We track Asian economies on a day-to-day basis through a myriad of indicators, but looking at within-country or within-region vulnerability ignores the fact the global investors don’t look at Asia as an asset class. Vast sums of investment go into funds under the heading of EM. When interest rates rise in the US or when the Chinese renminbi sells off, the impact of such events manifest in portfolio rebalancing that occurs across the EM space.

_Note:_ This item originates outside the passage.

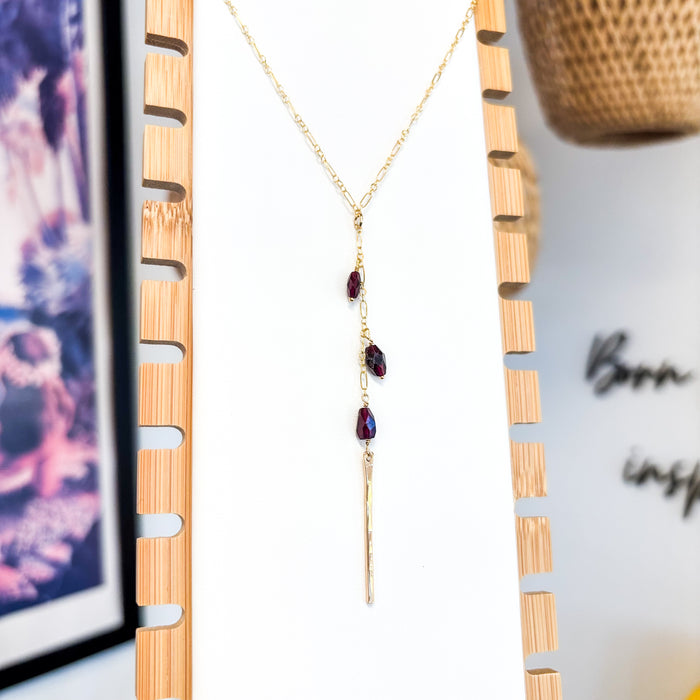 Garnet Lariat Necklace, length 18"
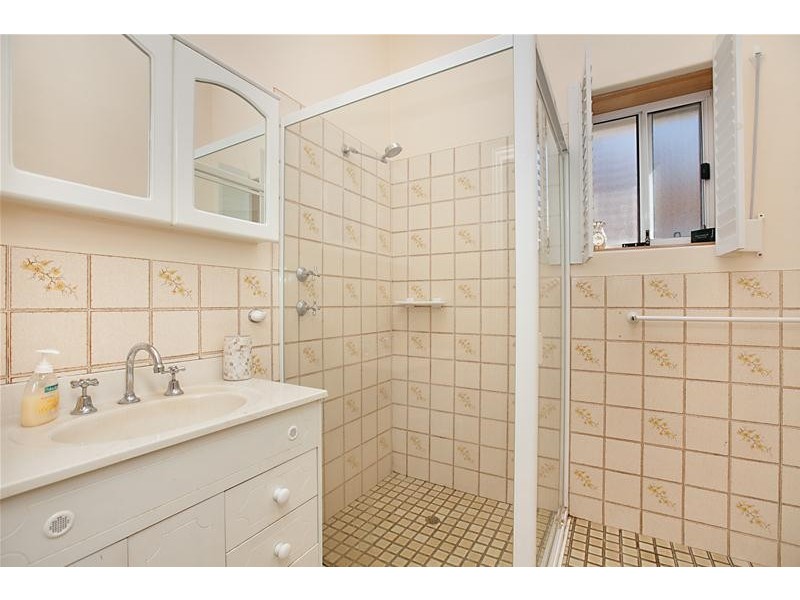 7 Holder Parade, Marino SA 5049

In our exercise, we look at 27 key EM economies and assess their macro position across a variety of vulnerability indicators. The analysis is both cross section and time series, and the rankings obtained are usefully visualised through a heatmap. Key indicators are foreign exchange reserves, fiscal balance, private and public sector debt, external (hard currency) debt, savings-investment balance, gross external funding requirement, and real exchange rate. We examine the evolution of these indicators across cross section and time series data, which allows us to glean shifts in relative vulnerability.
Key findings:
Vulnerabilities in many EM economies have worsened in recent years from weaker public finances, increases in already elevated debt levels, while uneven reserve coverage for foreign obligations and exchange rate gaps persist. Brazil, Argentina, Colombia, Chile, Egypt, Hungary, and South Africa sit at the bottom of our rankings.
These economies exhibit a combination of weak reserves and low coverage of foreign obligations, high government debt due to persistent fiscal deficits, unfavourable savings-investment balances, and in several cases, sizeable currency misalignments. In contrast, Peru continues to rank near the top, highlighting its resilience relative to vulnerable Latin American peers. This is underpinned by strong external metrics - high reserves coverage and low external debt – alongside low government and private debt, and a moderate savings-investment surplus.
EM Asia continues to be relatively healthy. Taiwan, Vietnam, Thailand, and South Korea rank among the strongest performers. Taiwan retains the top position, driven by a very large savings-investment surplus, strong reserves, and low public and external debt, despite elevated private debt. Vietnam’s strong #3 ranking reflects favourable external metrics, including a high savings-investment surplus, low external debt, and minimal currency misalignment, as well as low government debt, despite high private debt driven by rapid credit growth. Conversely, China, India, and Malaysia lag within Asia, mainly due to high private and/or public debt burdens. However, China benefits from healthy external metrics, while Malaysia’s weaknesses are partly mitigated by a positive savings-investment balance, limited currency misalignment, and a narrowing fiscal deficit.
Energy exporters remain clustered at the stronger end, including Middle Eastern economies (UAE, Qatar, and Saudi Arabia), and Russia. Their favourable rankings are supported by relatively low government debt, healthy external buffers in reserves and savings and investment surpluses, as well as generally limited currency misalignment. However, the Middle East conflict, which has yet to resolve despite the interim peace deal, poses uncertainty to their outlook, particularly as energy supplies are disrupted.
Within Asia, trend over time is mixed. Vietnam has improved steadily to its current ranking, driven by broad-based progress. Thailand’s position has also improved, underpinned by stronger external metrics and lower private debt, despite rising overall public debt used to support lagging growth. Indonesia has slipped after a few years of stability, as public finances weakened and currency misalignment widened, while Malaysia has not shifted materially.
China has weakened gradually over the past three years, driven by high and rising private debt and worsening public finances. India’s ranking has remained broadly stable, driven by steady reserve metrics, and improvements in the savings-investment balance and public finances, despite higher external and private debt.